Disaster Recovery

This guide covers failure scenarios and recovery procedures for the S3 Orchestrator.

Architecture Context

The orchestrator has two required stateful components and one optional:

PostgreSQL stores object locations, quota counters, usage stats, multipart state, and the cleanup queue. This is the source of truth for “which object lives on which backend.”
Storage backends (OCI, R2, S3, MinIO, etc.) hold the actual object data. These are independent and unaware of each other.
Redis (optional) provides shared usage counters across instances. Not a data dependency — all authoritative data lives in PostgreSQL. See Redis Failure below.

The orchestrator binary itself is stateless. Any instance with access to the database and backends can serve requests.

PostgreSQL Failure

What happens

When PostgreSQL becomes unreachable, the circuit breaker activates automatically:

Reads enter degraded mode: the orchestrator broadcasts GET requests to all backends (or uses a short-lived cache of recent key-to-backend mappings if circuit_breaker.cache_ttl is configured). Unencrypted objects found on any backend are returned normally. Encrypted objects return 503 Service Unavailable because decryption requires encryption metadata (wrapped DEK, key ID) stored in the database.
Writes return 503 Service Unavailable because the orchestrator cannot record the object’s location without the database.
Background workers (rebalancer, replicator, usage flush, cleanup queue) pause until the database recovers.

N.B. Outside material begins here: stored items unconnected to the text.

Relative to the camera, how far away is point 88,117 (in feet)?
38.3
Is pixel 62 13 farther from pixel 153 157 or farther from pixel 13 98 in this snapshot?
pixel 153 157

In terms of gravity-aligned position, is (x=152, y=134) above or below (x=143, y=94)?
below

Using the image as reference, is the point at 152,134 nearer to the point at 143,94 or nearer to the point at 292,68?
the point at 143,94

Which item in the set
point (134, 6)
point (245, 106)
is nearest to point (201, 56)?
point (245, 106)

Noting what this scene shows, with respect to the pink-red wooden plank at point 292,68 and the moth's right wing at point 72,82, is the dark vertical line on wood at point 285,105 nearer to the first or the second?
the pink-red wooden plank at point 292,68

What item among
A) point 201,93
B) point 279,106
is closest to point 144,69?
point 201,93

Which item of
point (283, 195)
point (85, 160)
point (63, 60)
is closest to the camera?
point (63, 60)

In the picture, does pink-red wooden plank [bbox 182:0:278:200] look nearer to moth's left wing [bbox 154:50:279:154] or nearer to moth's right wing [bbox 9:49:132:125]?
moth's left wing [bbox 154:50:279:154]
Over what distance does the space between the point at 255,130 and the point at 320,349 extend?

The circuit breaker transitions back to healthy after successful database probes. No manual intervention is needed for recovery.

Monitoring

Watch for these log messages:

{"level":"WARN","msg":"Circuit breaker opened","consecutive_failures":3}
{"level":"INFO","msg":"Circuit breaker closed","state":"healthy"}

The /health endpoint continues to return 200 OK with "status":"degraded" during database outages, so the service stays in load balancer rotation for reads.

PostgreSQL High Availability

The orchestrator connects to PostgreSQL via a standard connection string and has no opinion about how the database is made highly available. Any PostgreSQL-compatible endpoint works, including:

Patroni — open-source HA with automatic failover via etcd/ZooKeeper consensus
Amazon RDS Multi-AZ / Aurora — managed failover with DNS endpoint
Google Cloud SQL HA — regional instances with automatic failover
Neon / Supabase — serverless PostgreSQL with built-in redundancy

When the database fails over to a replica, the circuit breaker briefly opens (writes return 503), then the probe detects the new primary and recovers automatically. The failover window is typically under 30 seconds with Patroni or managed services.

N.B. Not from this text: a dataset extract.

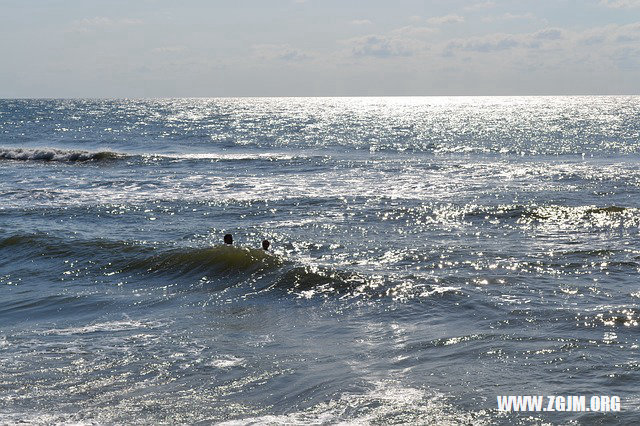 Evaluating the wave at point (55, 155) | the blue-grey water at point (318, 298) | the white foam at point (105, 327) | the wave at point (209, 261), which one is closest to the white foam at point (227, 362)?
the blue-grey water at point (318, 298)

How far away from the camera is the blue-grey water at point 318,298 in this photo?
10.6 meters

Writes are intentionally rejected during database outages rather than queued locally. This is a deliberate design choice: the database is the source of truth for object locations, and accepting writes without recording metadata would create orphaned objects that diverge from the metadata store. Use HA PostgreSQL to minimize the rejection window.

Replication and the data loss window

Object replication is asynchronous. When a client writes an object, it is stored on a single backend and a 200 response is returned immediately. The background replication worker creates additional copies at the configured replication.worker_interval (default: 5 minutes).

If the primary backend fails before replication completes, unreplicated objects written in the last worker interval are at risk. To minimize this window:

Set replication.worker_interval to a lower value (e.g., 30s) at the cost of more backend API calls
Use backends with built-in durability guarantees (e.g., S3 Standard stores objects across 3+ availability zones)
Monitor s3o_replication_pending — a sustained non-zero value indicates the replicator cannot keep up

Synchronous replication (write to N backends before returning 200) is not currently supported.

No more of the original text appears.